■ **Problem**:
Down to the last line below, give the listing again exactly.

■ **Raw data**:
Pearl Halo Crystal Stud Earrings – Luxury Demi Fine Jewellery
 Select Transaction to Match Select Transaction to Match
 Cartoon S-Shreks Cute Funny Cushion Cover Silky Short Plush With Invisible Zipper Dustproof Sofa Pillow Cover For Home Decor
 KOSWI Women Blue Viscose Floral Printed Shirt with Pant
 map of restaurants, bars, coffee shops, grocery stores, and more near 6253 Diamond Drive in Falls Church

■ **Answer to this task**:
Pearl Halo Crystal Stud Earrings – Luxury Demi Fine Jewellery
 Select Transaction to Match Select Transaction to Match
 Cartoon S-Shreks Cute Funny Cushion Cover Silky Short Plush With Invisible Zipper Dustproof Sofa Pillow Cover For Home Decor
 KOSWI Women Blue Viscose Floral Printed Shirt with Pant
 map of restaurants, bars, coffee shops, grocery stores, and more near 6253 Diamond Drive in Falls Church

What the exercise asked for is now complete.